I have this integral here:

\[\int e^{\sqrt{x}}dx\]

and I wanted to ask, why can't I treat it like I would treat this integral:

\[\int (3x+5)^{5}dx\]

In which I would integrate as if g(x)=3x+5 is a normal x, and then divide by the inner derivative ? I tried it with the upper integral, and it doesn't work, the solution includes another "-1" which I don't understand where comes from....

My incorrect answer would be

\[2\cdot \sqrt{x}\cdot e^{\sqrt{x}}\]


why isn't it ?
 

Ackbach

Indicium Physicus
Staff member
Jan 26, 2012
4,191
The first integral is of an exponential function (variable exponent), and the second is of a power function (variable base). They are completely different functions, behave differently, and have quite different antiderivatives. To do $\int e^{ \sqrt{x}} \, dx$, I would probably try by-parts first, and see what you get.
 

Yankel

Active member
Jan 27, 2012
398
but

\[\int e^{3x}dx\]


does work using the method I specified. How do I know when I can use and when I can't ?

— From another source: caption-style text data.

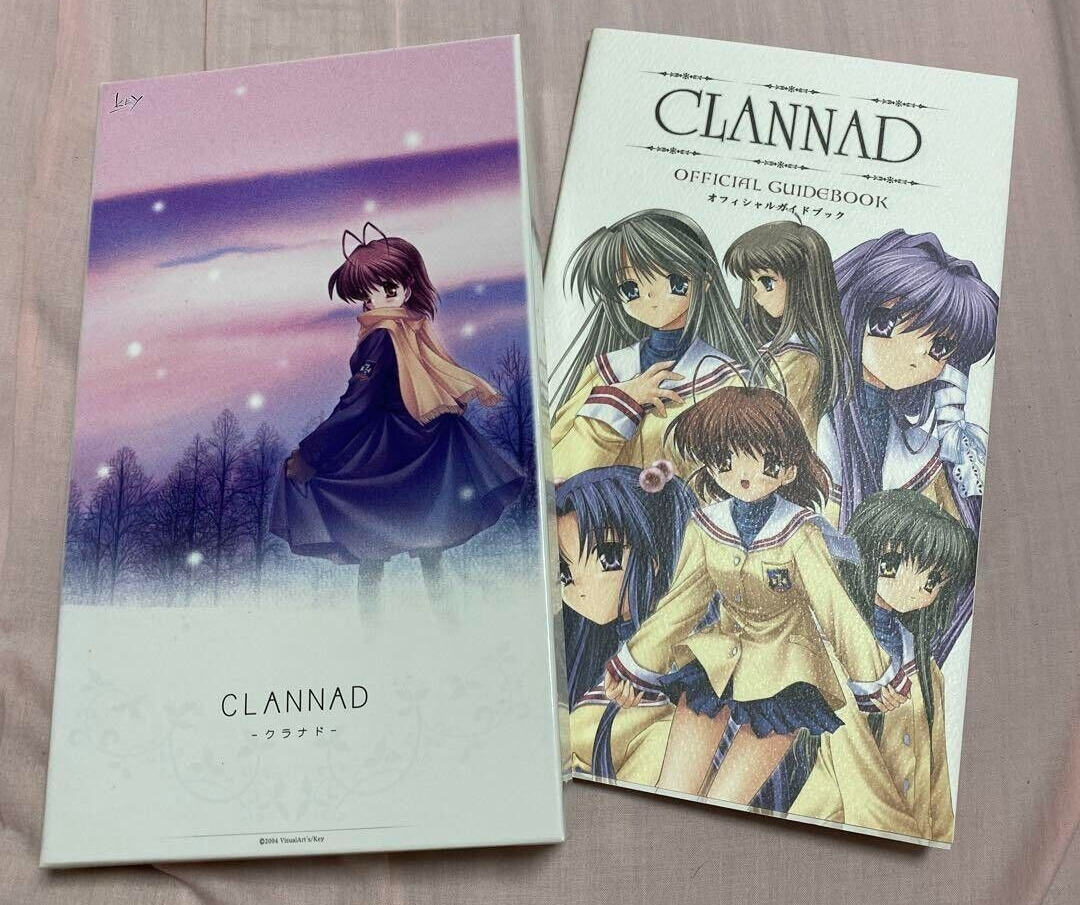 CLANNAD first limited edition Japanese PC game KEY Windows DVD-ROM & music  CD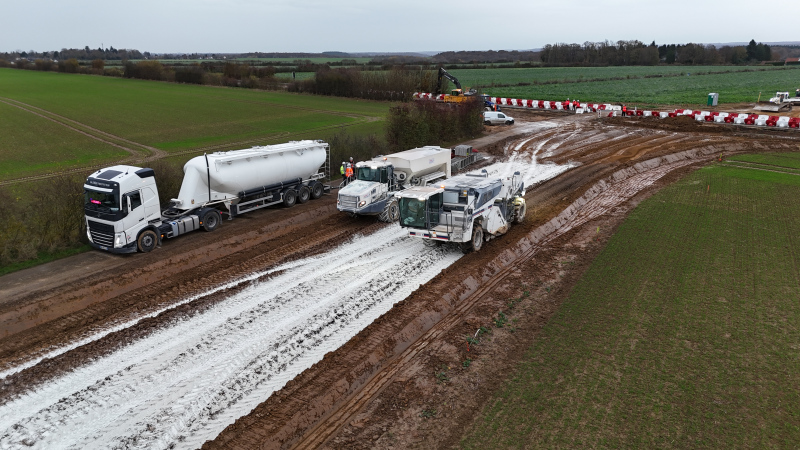 Travaux de dévoiement de la RD1 et création d’un giratoire à Val d’Orger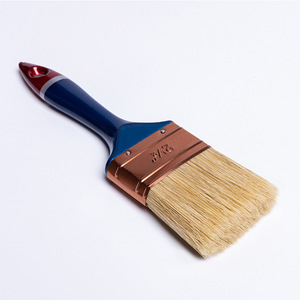 Brocha plana para pintar de 2 1/2 pulgadas con cerdas de cerdo y mango de plástico para pintar y limpiar - Product Image 2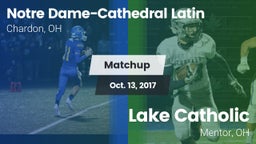 Matchup: NDCL vs. Lake Catholic  2017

(I mean the method of integrating and then dividing by the inner derivative).
 

Ackbach

Indicium Physicus
Staff member
Jan 26, 2012
4,191
I suppose your method would work any time the inner function of the exponential or power function is linear (or, more correctly, affine). That is, for any integral of the following types:
\begin{align*}
&\int e^{mx+b} \, dx, \quad \text{or} \\
&\int (mx+b)^n \, dx.
\end{align*}
But $\sqrt{x}$ is not an affine function of $x$.